◆ **SUPPLIED MATERIAL**:
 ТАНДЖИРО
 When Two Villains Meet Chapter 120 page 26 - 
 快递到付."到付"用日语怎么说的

---

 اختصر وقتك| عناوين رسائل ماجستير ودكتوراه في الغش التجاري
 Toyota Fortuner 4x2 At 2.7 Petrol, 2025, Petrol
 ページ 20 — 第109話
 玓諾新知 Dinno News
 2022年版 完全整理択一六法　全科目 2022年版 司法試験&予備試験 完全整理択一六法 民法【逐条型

◆ **EXERCISE OBJECTIVE**:
Give back the records above exactly, limited to the lines between the one holding "ページ 20 — 第109話" and the one holding "2022年版 完全整理択一六法　全科目 2022年版", inclusive.

◆ **WRITTEN SOLUTION**:
 ページ 20 — 第109話
 玓諾新知 Dinno News
 2022年版 完全整理択一六法　全科目 2022年版 司法試験&予備試験 完全整理択一六法 民法【逐条型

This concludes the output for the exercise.